A ce moment, alors que ma mère est
assise dans son fauteuil en train de regarder ses jeux TV favoris, je
ne peux m'empêcher de penser au Pukkelpop, étant relativement
proche de ce monde. Je lâche une phrase qui sonnera comme une
prophétie : « Dis donc, ils doivent déguster au
Pukkelpop ! »
...
Peut-on imaginer un seul instant ce
qu'il se passe réellement et la tragédie qui s'y déroule?!
Bien entendu, on ne peut croire que cette phrase, presque lancée
dans le vide, se transforme dans la vie réelle et à ce moment
précis en un enfer pour les festivaliers. On imagine bien la pluie,
la boue, le vent, les chanteurs et musiciens affrontant les éléments
et tentant de motiver les mélomanes de Belgique et d'ailleurs. Mais
jamais on imagine que tentes, châpiteaux et autres structures
s'abattent sur des êtres humains, les plongeant dans l'obscurité
éternelle et envoyant leur famille dans la stupeur, la détresse,
et le chagrin.
Et pourtant ...
Il est 19h30 et au journal de la VRT,
on annonce qu'il y aurait des morts. Est-ce mon néérlandais qui me
fait défaut ou je n'arrive pas à y croire ? Pourtant, le mot
« doden » est si simple et le journal de la RTBF annonce
la même horreur. Ex-festivalier, il y a une solidarité de fait qui
me lie à toutes ces personnes. Mais au final, tout le monde est
solidaire au vu des images qui commencent à foisonner sur Internet.

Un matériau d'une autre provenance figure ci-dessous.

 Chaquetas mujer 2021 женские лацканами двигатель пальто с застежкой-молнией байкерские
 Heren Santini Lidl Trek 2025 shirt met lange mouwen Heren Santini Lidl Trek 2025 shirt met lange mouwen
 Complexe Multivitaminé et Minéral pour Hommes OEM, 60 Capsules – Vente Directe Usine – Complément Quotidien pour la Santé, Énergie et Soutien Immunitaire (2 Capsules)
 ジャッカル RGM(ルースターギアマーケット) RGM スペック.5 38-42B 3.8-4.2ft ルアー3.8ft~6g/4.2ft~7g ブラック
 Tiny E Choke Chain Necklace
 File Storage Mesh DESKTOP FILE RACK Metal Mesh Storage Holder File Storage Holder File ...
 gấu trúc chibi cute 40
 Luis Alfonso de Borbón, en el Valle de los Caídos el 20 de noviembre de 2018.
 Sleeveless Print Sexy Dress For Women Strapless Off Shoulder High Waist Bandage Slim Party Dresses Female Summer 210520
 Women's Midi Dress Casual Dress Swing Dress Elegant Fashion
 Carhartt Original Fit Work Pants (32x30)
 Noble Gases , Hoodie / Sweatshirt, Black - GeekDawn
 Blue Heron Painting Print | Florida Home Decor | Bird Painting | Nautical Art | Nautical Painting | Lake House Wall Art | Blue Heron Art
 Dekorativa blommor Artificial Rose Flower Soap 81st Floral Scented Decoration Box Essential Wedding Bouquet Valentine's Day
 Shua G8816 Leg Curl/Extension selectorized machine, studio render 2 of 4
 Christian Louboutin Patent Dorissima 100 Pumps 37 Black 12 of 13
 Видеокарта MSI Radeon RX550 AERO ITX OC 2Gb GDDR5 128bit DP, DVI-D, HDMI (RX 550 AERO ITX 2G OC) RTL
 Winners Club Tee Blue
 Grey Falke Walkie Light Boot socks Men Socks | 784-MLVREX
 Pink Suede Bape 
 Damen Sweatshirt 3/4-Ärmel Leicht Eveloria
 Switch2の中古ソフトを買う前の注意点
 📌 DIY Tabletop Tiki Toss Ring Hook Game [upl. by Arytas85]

Evidemment, le drame n'aurait pas eu
lieu s'il n'y avait pas eu de festival à cet endroit. C'est la
principale leçon de ce funeste 18 août 2011. L'orage était certes
violent, et il existe un débat pour déterminer le type exact de
l'orage. Belgorage estime que c'était un orage du type bow echo. Des spécialistes flamands pensent au contraire qu'il
était supercellulaire. Tout ceci peut paraître dérisoire au regard
du drame, mais les événements et festivités estivaux resteront
toujours tributaires des conditions météorologiques, et
principalement des orages. Vu les conditions d'instabilité et de
vent, de violents orages étaient possibles ce jour-là. Les suivre
et prévenir les organisateurs de festivals comme celui du Pukkelpop était un minimum car ceux-ci sont météo-sensibles. A l'avenir, une vraie synergie entre spécialistes de la météo, amateurs ou professionnels, médias, instances, et organisateurs d'événements est plus que souhaitable afin d'éviter de tels drames.